Soldier Web Knowledge Base: 2008

Saturday, May 17, 2008

History of Computer Programming, Part III: Second Generation Languages

The fact is, most people don't enjoy thinking and writing in binary. Plus, its verbose and complex as all get out--especially when your trying to move beyond basic counting into an array of functions. Who wants to memorize the hundreds of machine codes corresponding to every instruction? Not me.

Enter 2nd Generation Computer Programming--aka assembly languages. After WWII, as folks were playing around with circuit board computing logic (sometimes aware, sometimes unaware of Shannon's work), they realized that you could set up a family of processors to enable programmer friendly coding. These machines could take a set of human-friendly instructions (such as "ADD, or TOTAL") and translate--assemble--them into machine level code. Sure, this adds a step and slows the process down, but this cost is nicely outweighed by the mnemonic joy programming with human words.

But let's not get ahead of ourselves, there's only so much you can do with 2nd gen computer languages. The language scope is directly defined by the physical shape of the processing hardware you're writing for.

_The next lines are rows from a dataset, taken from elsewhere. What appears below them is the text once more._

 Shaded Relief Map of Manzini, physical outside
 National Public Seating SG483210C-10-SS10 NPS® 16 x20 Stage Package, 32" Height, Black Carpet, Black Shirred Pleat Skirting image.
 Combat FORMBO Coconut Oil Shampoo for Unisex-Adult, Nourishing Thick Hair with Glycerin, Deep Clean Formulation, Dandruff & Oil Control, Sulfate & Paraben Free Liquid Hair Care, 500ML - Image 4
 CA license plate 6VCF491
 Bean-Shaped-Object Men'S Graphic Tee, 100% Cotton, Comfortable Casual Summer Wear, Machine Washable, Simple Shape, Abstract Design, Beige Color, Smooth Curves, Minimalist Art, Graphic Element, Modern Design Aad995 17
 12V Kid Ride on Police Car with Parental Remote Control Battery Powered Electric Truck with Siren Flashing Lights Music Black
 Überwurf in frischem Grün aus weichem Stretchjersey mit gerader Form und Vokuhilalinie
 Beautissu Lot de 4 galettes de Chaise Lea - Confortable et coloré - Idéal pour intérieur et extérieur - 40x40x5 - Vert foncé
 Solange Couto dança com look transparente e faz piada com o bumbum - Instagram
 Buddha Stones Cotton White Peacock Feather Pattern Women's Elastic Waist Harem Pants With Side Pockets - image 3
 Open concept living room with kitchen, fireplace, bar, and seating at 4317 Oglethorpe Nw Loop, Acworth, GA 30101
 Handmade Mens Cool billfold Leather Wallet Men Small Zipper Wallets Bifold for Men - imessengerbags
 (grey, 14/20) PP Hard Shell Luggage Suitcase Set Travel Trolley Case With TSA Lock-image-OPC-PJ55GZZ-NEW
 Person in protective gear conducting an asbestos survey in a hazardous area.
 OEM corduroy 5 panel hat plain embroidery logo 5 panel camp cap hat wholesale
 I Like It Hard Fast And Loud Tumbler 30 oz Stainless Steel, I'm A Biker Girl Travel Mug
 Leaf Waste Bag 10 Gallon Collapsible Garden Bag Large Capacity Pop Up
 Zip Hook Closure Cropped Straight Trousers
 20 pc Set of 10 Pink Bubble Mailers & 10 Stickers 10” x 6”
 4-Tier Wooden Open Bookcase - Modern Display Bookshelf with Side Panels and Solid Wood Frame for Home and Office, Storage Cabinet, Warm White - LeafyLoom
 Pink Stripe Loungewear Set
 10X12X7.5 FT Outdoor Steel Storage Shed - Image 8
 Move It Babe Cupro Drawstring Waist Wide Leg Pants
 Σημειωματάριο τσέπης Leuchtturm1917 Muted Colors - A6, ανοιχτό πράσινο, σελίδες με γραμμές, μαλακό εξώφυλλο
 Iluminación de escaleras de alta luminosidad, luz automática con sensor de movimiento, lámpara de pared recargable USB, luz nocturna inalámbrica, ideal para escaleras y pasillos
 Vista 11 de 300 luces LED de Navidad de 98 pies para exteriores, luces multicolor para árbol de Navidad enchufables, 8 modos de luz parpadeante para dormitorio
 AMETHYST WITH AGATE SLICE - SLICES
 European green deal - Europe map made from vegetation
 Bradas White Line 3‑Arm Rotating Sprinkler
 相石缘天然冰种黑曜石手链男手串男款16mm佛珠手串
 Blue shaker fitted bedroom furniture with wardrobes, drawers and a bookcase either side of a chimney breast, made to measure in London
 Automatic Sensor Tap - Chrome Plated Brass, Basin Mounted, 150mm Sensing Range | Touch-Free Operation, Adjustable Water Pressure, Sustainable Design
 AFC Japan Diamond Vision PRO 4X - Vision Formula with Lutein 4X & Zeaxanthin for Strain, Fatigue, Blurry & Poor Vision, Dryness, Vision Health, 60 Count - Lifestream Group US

Thus we call assembly language a "low level" programming language; it provides minimal (a single step of) abstraction from machine level instructions--mapping in a one-to-one manner your instruction words into binary.

Some Resources

http://www.networkdictionary.com/software/numbers.php

http://en.wikipedia.org/wiki/First-generation_programming_language

Tuesday, April 22, 2008

History of Computer Programming - Part 2: Machine Level Languages

In Z Beginning...

As we saw, the beginning of the industrial age brought with it the kind of complexity that would reduce human calculators to tears. We're just not made to do complex counting and equations, you know? Well, that's just what Konrad Zuse of Germany thought: Why should we have to do equations that machines can do? So he went and built the Z1, a first-generation computer featuring mechanical memory, arithmetic units and a binary based language system (in both input , processing and output).

Basically, the Z series machines processed input via punched tape. As long as the user submitted valid arithmetic in binary form, the computer could handle it. As such, these machines are considered the first freely programmable computer based on binary floating point numbers and a binary switching system.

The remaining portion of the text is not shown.